**** Dataset entries

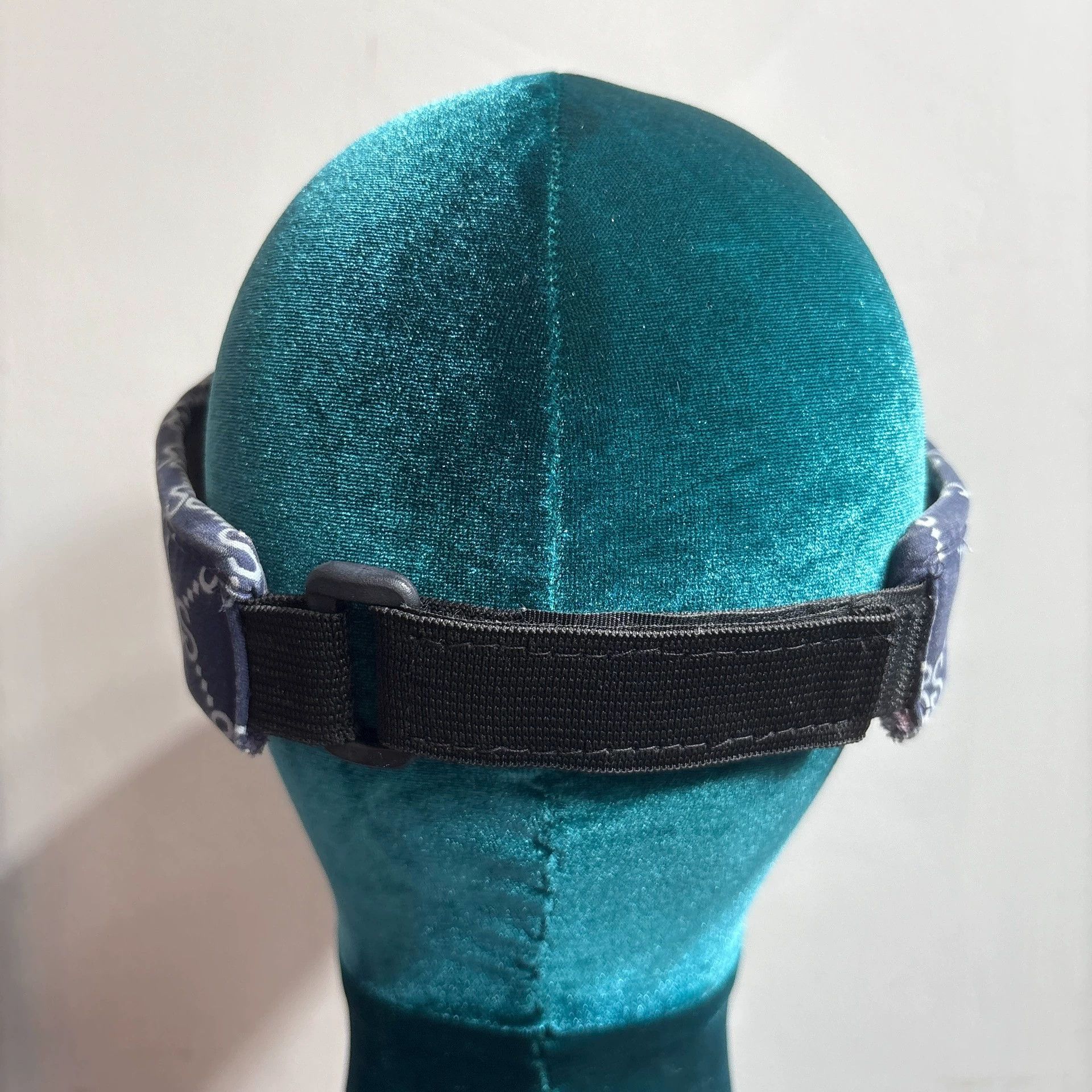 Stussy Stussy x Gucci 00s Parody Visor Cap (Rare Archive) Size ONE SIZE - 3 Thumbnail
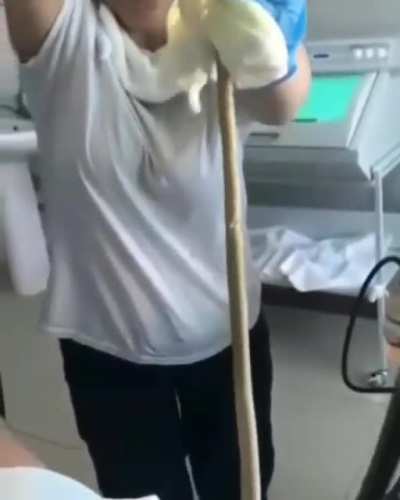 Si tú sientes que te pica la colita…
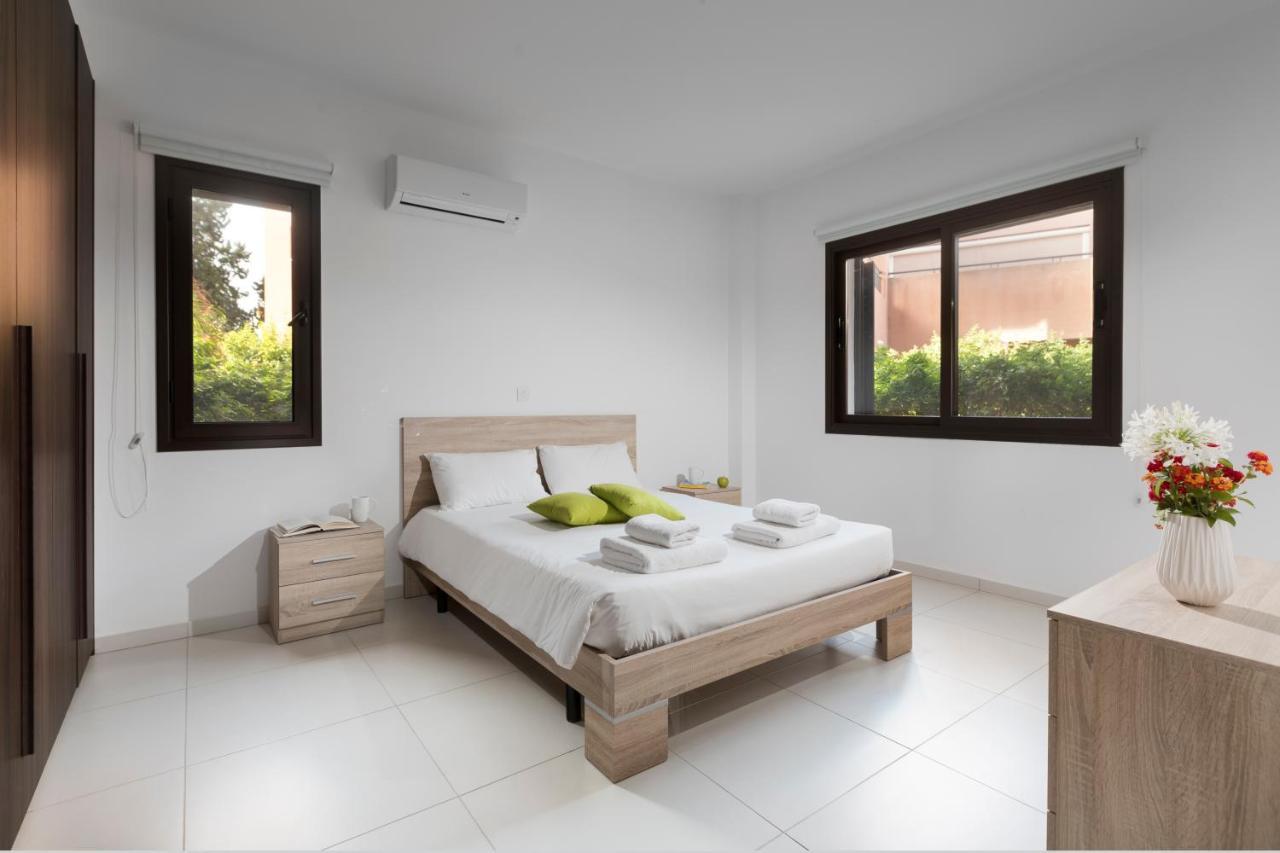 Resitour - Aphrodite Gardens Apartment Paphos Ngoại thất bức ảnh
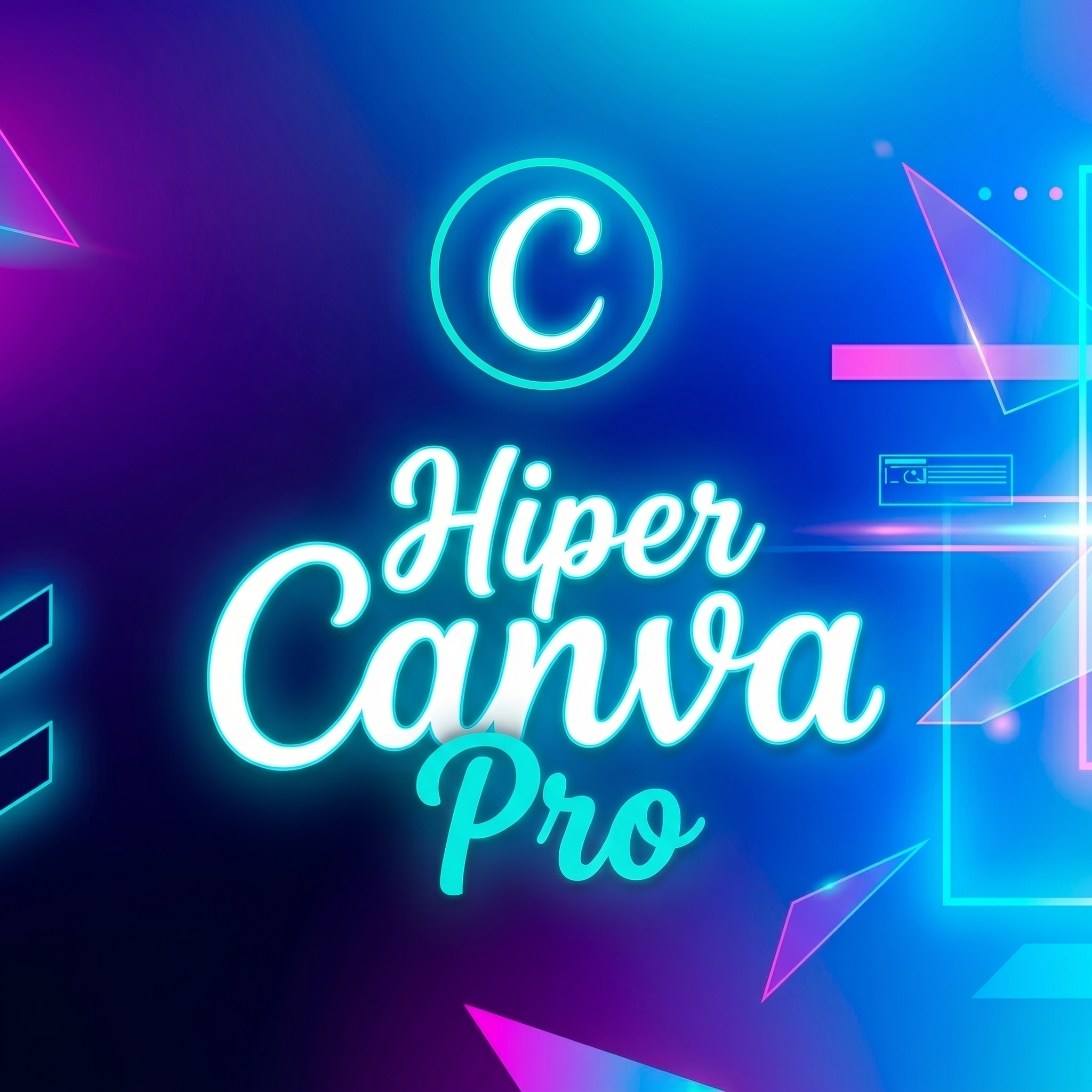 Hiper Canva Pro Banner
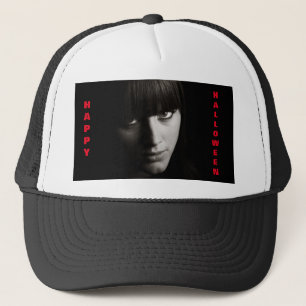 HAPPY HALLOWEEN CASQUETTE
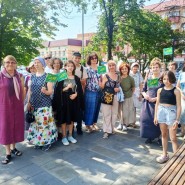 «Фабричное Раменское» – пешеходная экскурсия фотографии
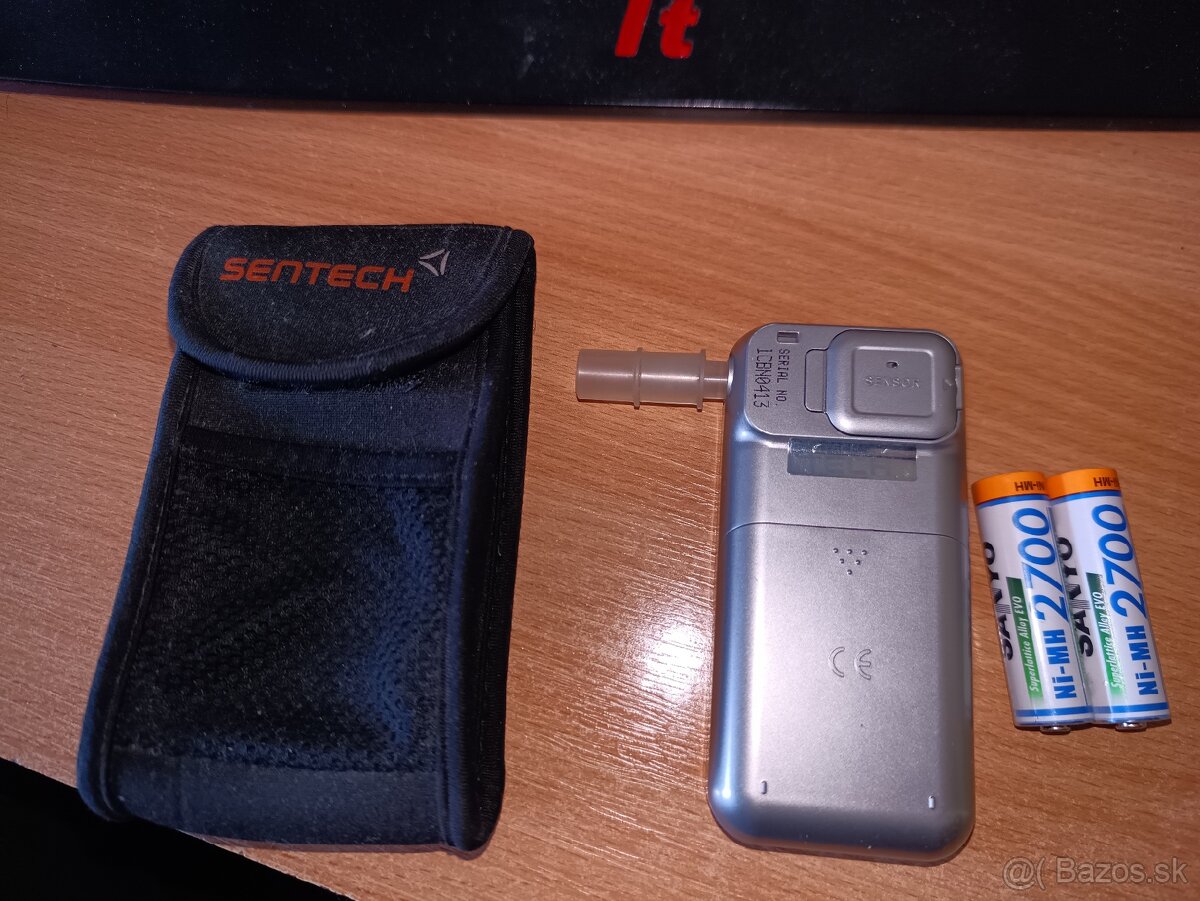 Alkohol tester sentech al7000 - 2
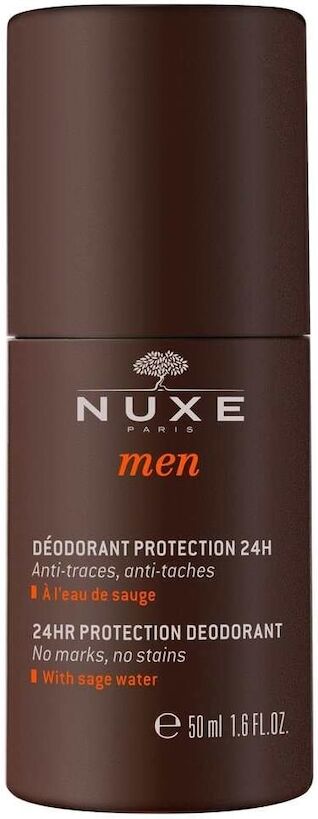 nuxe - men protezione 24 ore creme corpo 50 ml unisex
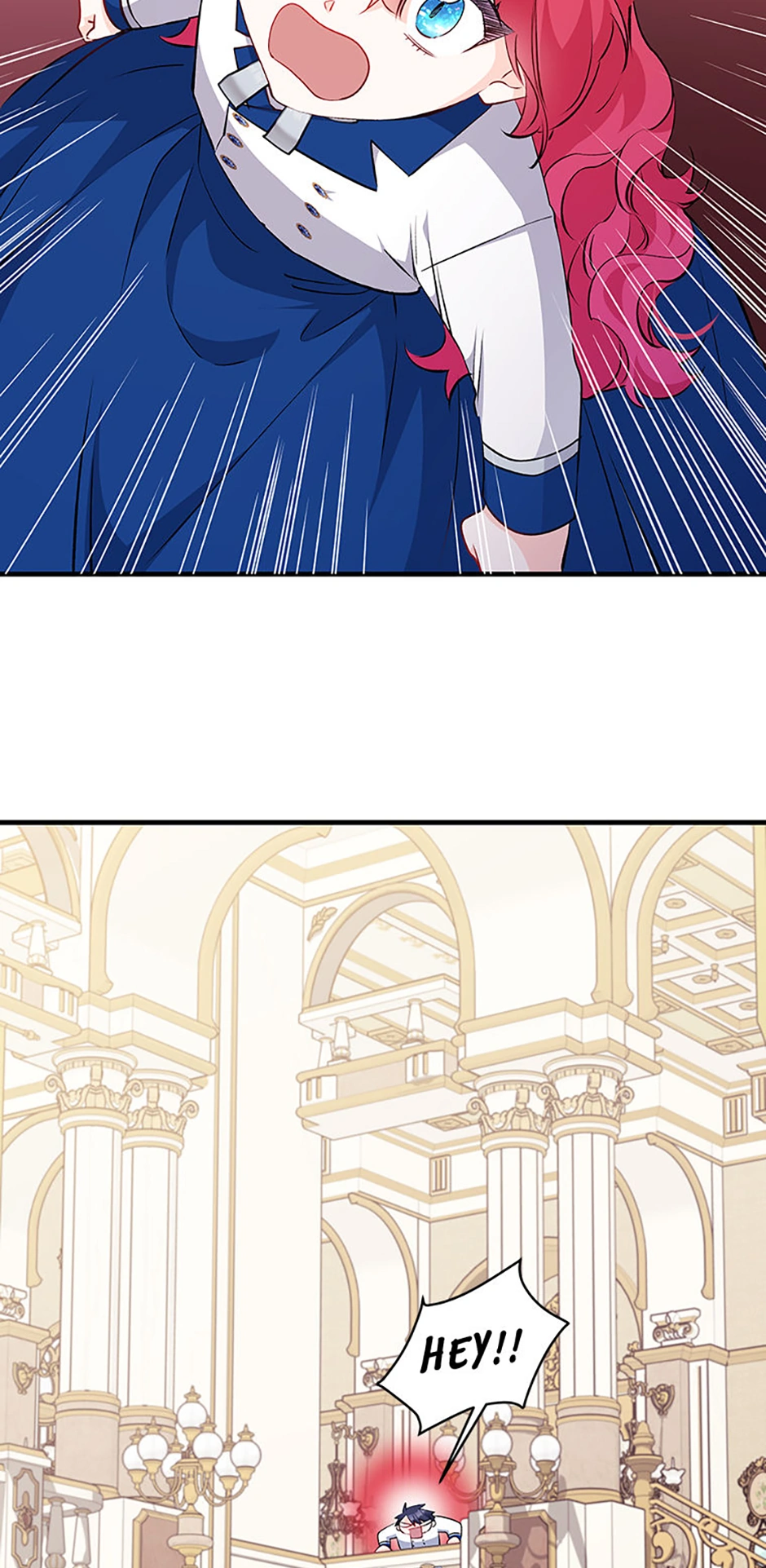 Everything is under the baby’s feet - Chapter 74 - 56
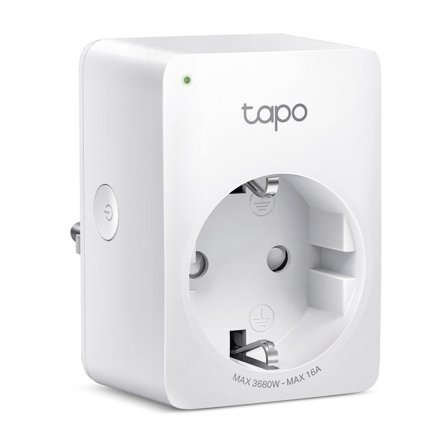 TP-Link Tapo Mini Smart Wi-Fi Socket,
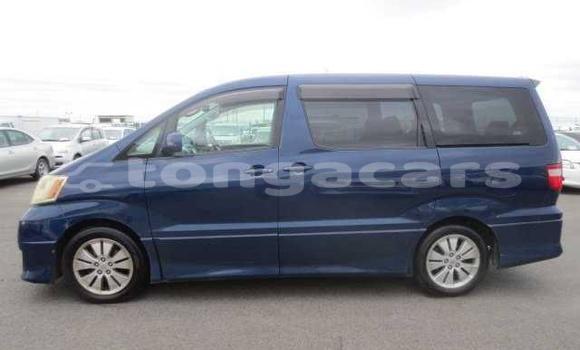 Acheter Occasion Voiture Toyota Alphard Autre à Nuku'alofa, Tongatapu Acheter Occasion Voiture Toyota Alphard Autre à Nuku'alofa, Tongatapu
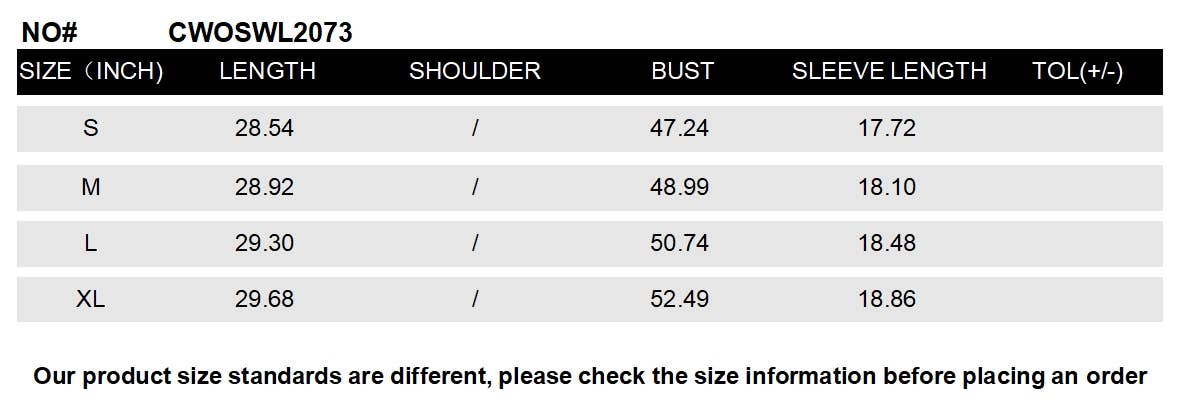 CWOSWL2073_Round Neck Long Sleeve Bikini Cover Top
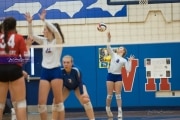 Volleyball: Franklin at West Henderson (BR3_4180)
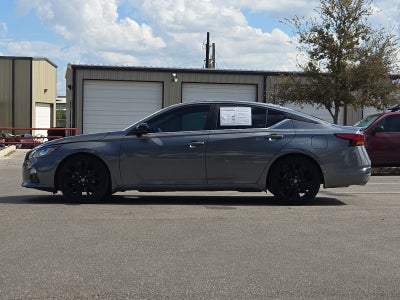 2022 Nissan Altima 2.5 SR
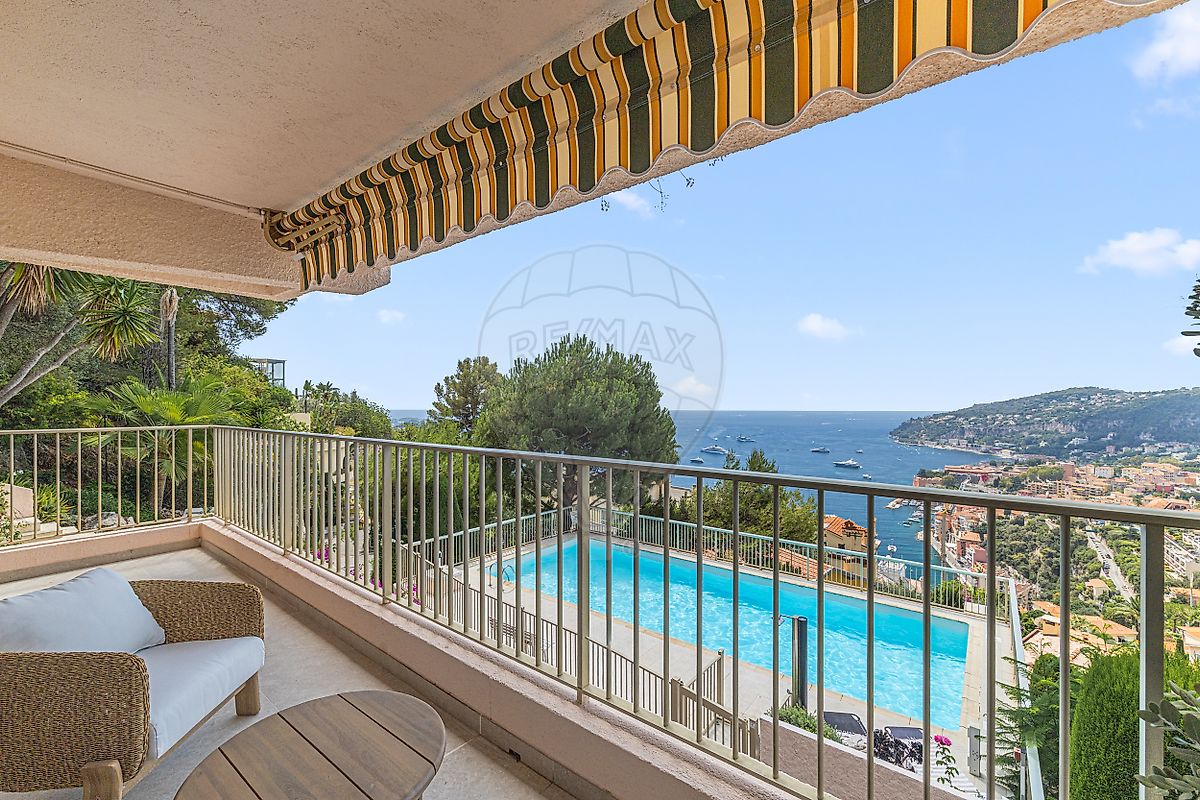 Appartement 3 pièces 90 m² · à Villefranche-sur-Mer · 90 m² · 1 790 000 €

********

- [What to work on]:
All of the material should be reproduced exactly, apart from the pictures.

- [Answer to the exercise]:
 Stussy Stussy x Gucci 00s Parody Visor Cap (Rare Archive) Size ONE SIZE - 3 Thumbnail
 Si tú sientes que te pica la colita…
 Resitour - Aphrodite Gardens Apartment Paphos Ngoại thất bức ảnh
 Hiper Canva Pro Banner
 HAPPY HALLOWEEN CASQUETTE
 «Фабричное Раменское» – пешеходная экскурсия фотографии
 Alkohol tester sentech al7000 - 2
 nuxe - men protezione 24 ore creme corpo 50 ml unisex
 Everything is under the baby’s feet - Chapter 74 - 56
 TP-Link Tapo Mini Smart Wi-Fi Socket,
 Acheter Occasion Voiture Toyota Alphard Autre à Nuku'alofa, Tongatapu Acheter Occasion Voiture Toyota Alphard Autre à Nuku'alofa, Tongatapu
 CWOSWL2073_Round Neck Long Sleeve Bikini Cover Top
 Volleyball: Franklin at West Henderson (BR3_4180)
 2022 Nissan Altima 2.5 SR
 Appartement 3 pièces 90 m² · à Villefranche-sur-Mer · 90 m² · 1 790 000 €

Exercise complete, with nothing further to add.